In accordance with at least one embodiment of the present disclosure, the panning process (e.g., Pan( ) in the AmbisonicRenderer (320) class) is configured to correctly place each AmisonicSource about the listener, such that these auditory locations exactly match the “visual” locations in the VR scene. The data from both VR object positions and listener position/orientation are used in this determination. In one example, the listener position/orientation data can in part be updated by a VR mounted helmet in the case where such a device is being used.
The panning operation (e.g., function) Pan( ) weights each of the channels in a spatial audio context, accounting for head rotation. These weightings effect the compensatory panning need in order to maintain the system's virtual loudspeakers in stationary positions despite the turning of the listener's head. In addition to the head rotation angle, the gain coefficient selected should also be offset according to the position of each of the virtual speakers.
Convolution Component
In accordance with one or more embodiments described herein, the convolution component of the system is encapsulated in a partitioned convolver class 325 (in the example class diagram 300 shown in FIG. 3). Each filter to be implemented necessitates an instance of this class which may be configured to handle all buffering and domain transforms intrinsically. This modular nature allows optimizations and changes to be made to the convolution engine without the need to alter any of the rest of the system.
One or more of the spatialization filters used in the system may be pre-recorded, thereby allowing for careful selection of HRIR distances and the ability to ensure that there was no head movement allowed during the recording process, as is the case with some publicly available HRIR datasets. Further, the HRIRs used in the example system described herein have also been recorded in conditions deemed well-suited to providing basic externalization cues including early, directional part of the room impulse response. Each of the Ambisonic channels is convolved with the corresponding virtual loudspeaker's impulse response pair. The need for a pair of convolutions results from creation of binaural outputs for listening over headphones. Thus, there are two impulse responses required per speaker, or in other words, one for each ear of the user.
Reverberation Component
In accordance with one or more embodiments described herein, the reverberation effects applied in the system are designed for simple alteration by the sound designer using an API associated with the methods and systems of the present disclosure. In addition, the reverberation effects are also designed to automatically respond to changes in environmental conditions in the VR simulation in which the system is utilized. The early reflection and tail effects are dealt with separately in the system. For example, the reverberant tail of a room response may be implemented with a pair of convolutions with de-correlated, exponentially decaying filters, matched to the environments reverberation time.
Downmix Component
In the Downmix( ) function/process, the virtual loudspeaker channels are down mixed into a pair of binaural channels, one for each ear. As the panning stage described above (e.g., with respect to the Pan( ) function/process) has already accounted for the combination of each channel to the surround sound effect, the downmix process is rather straightforward. It is in this function also that the binaural reverberation channels are mixed in with the spatialized headphone feeds.
Virtual Soundcard
In accordance with one or more embodiments described herein, a complementary feature/component of the 3D virtual audio system of the present disclosure may be a virtual 5.1 soundcard for capture and presentation of traditional 5.1 surround sound output from, for example, video games, movies, and/or other media delivered over a computing device. Once the audio has been acquired it can be rendered.
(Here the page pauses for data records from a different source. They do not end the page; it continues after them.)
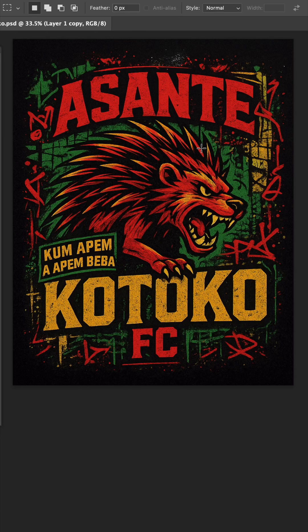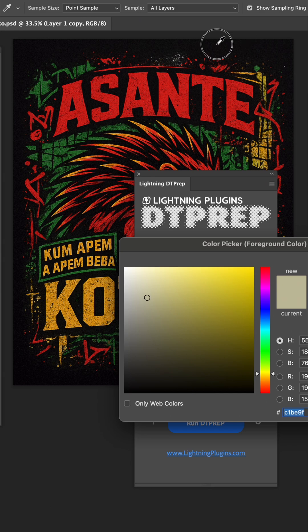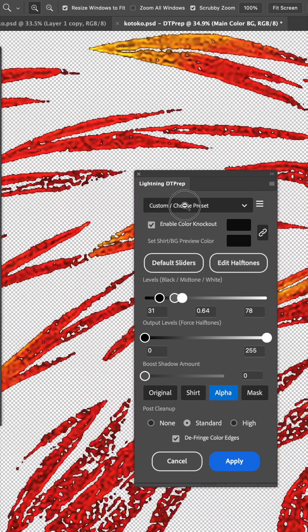In a previous video you saw me knock the black background out of this for DTF printing. I've been testing a new version of DT Prep that'll be released soon. If I uncheck the enable halftone and just go with the enable color knockout, then select the background and run, you'll see the results of this color knockout are pretty astounding.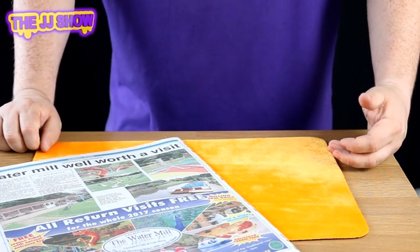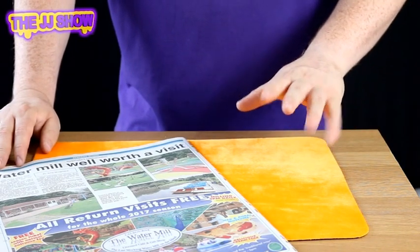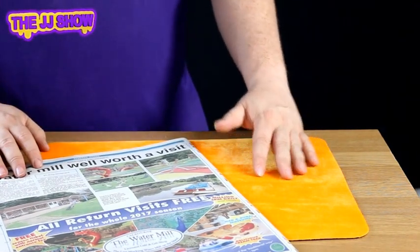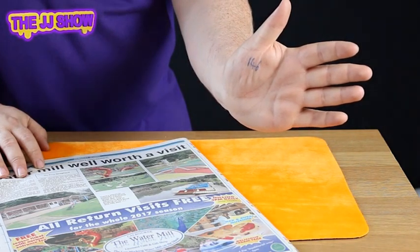Is that correct? 146. Now earlier on I made a prediction. Now this prediction I've actually wrote on my hand. I've not touched a pen since we've taken the paper or anything like that. But if you actually have a look at my hand, you'll see I've got wrote the number 146 — and that's magic.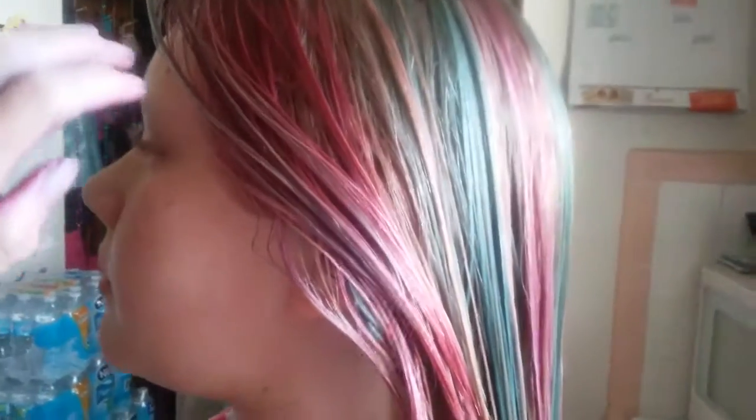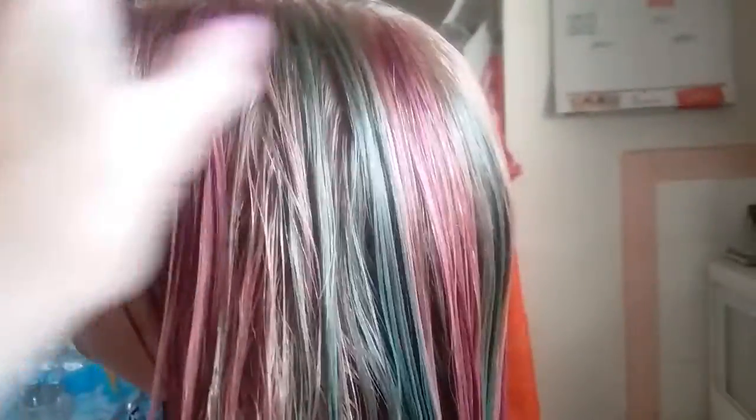Okay, here's the after — so there's lots of colors and it's still wet, so when it dries her blonde will be really light and these colors should be a lot brighter. Okay, back away a little bit.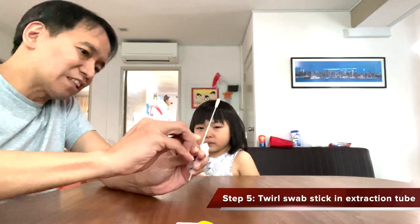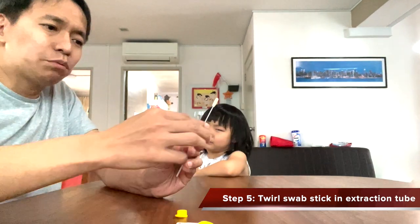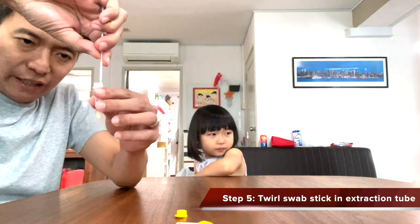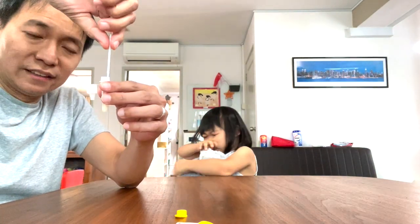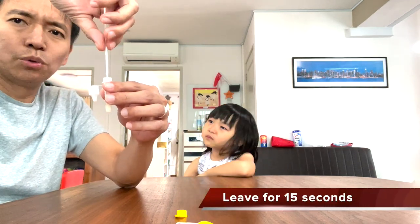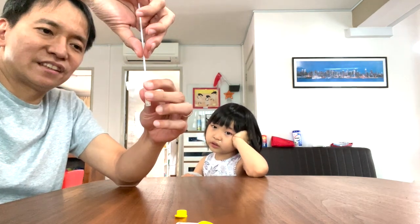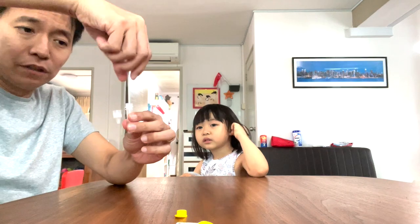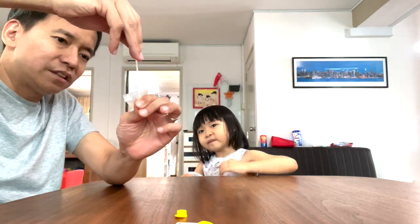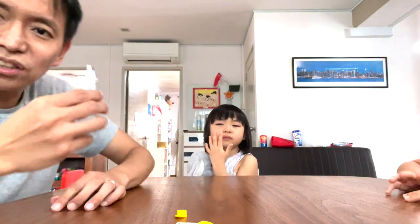Now we have to open the extraction tube. Loosen it and open it. Now what we do is we put the swab in — see this? — put it in, and pull it. Leave it inside for 15 seconds. Then when you are about to pull it out, you squeeze the tube so that whatever fluid is in the swab will stay inside.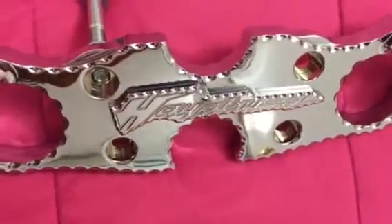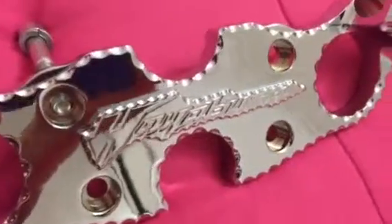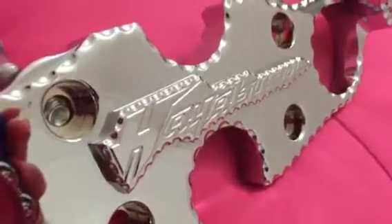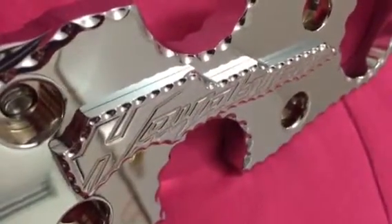Check it out — this is a brand new design top triple tree for your higher boosted Gen 1 or Gen 2. We added some diamond cut around the logo. Check that baby out, this is really 3D!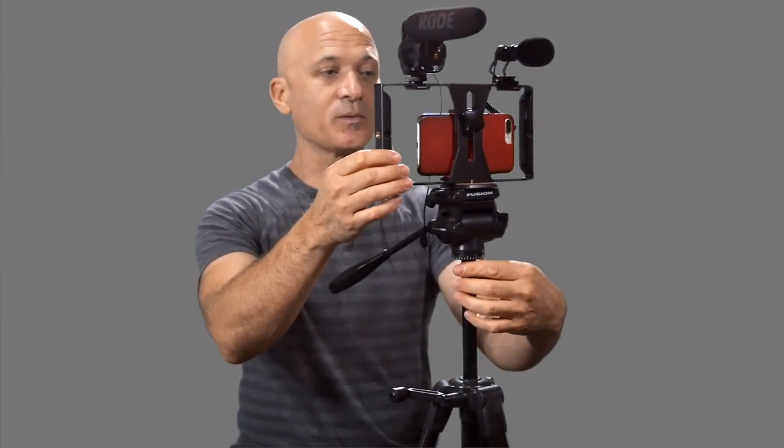I'll be using Filmic Pro to shoot the video, and this first test will be straight iPhone audio. Let's see if I can press the button here and get it started. This is the audio from the iPhone 7 Plus. Here's a little ukulele for reference.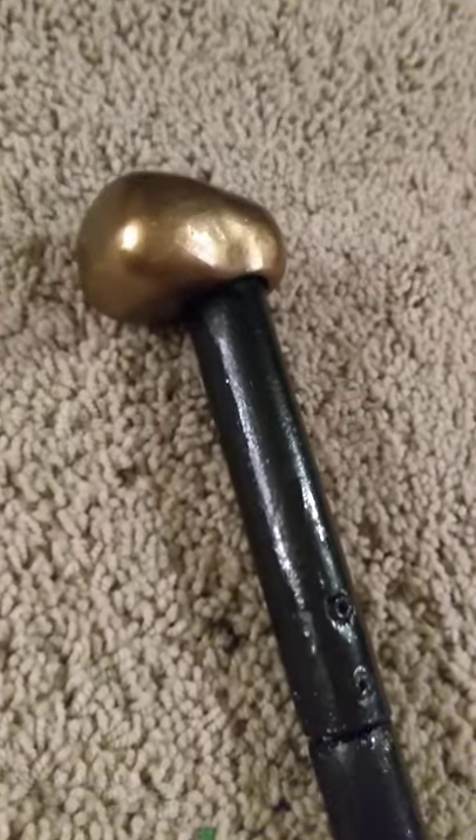I used a dowel rod to make this — it's basically just a wooden rod. I did sculpt the top of it and paint it as well, and kind of just ground it down to where it's a bit smaller at the bottom.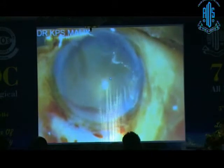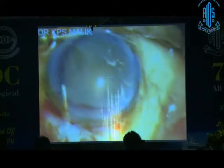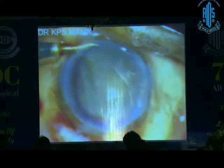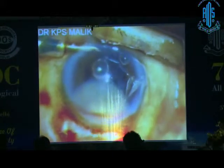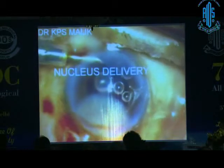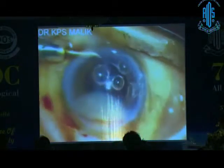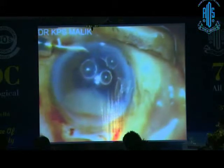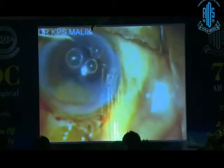Once the nucleus is in the chamber, this is our technique — we have modified the Blue Menthol. I inject VISCO through the anterior chamber maintainer, not fluid as the original Blue Menthol did. You can see the bubble and the VISCO. This produces very high pressure on the wound without leaking like fluid, so the nucleus has to go to the section. The largest nucleus will enter the wound, and with a 23-gauge needle straight, you can rotate it out — cartwheel it out like this.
As an example use of the systems and methods described herein, software which outputs audio typically detects the capabilities of the audio endpoint device and sets its audio format accordingly, in terms of sampling rate and channel configuration. In order for the system to work with existing playback software, an endpoint must be presented that offers at least an illusion of being able to output surround sound audio. While one solution to this is to require physical surround-sound capable hardware be present in the user's machine, this may incur an additional expense for the user depending on their system, or may be impractical or not even possible in a portable computer.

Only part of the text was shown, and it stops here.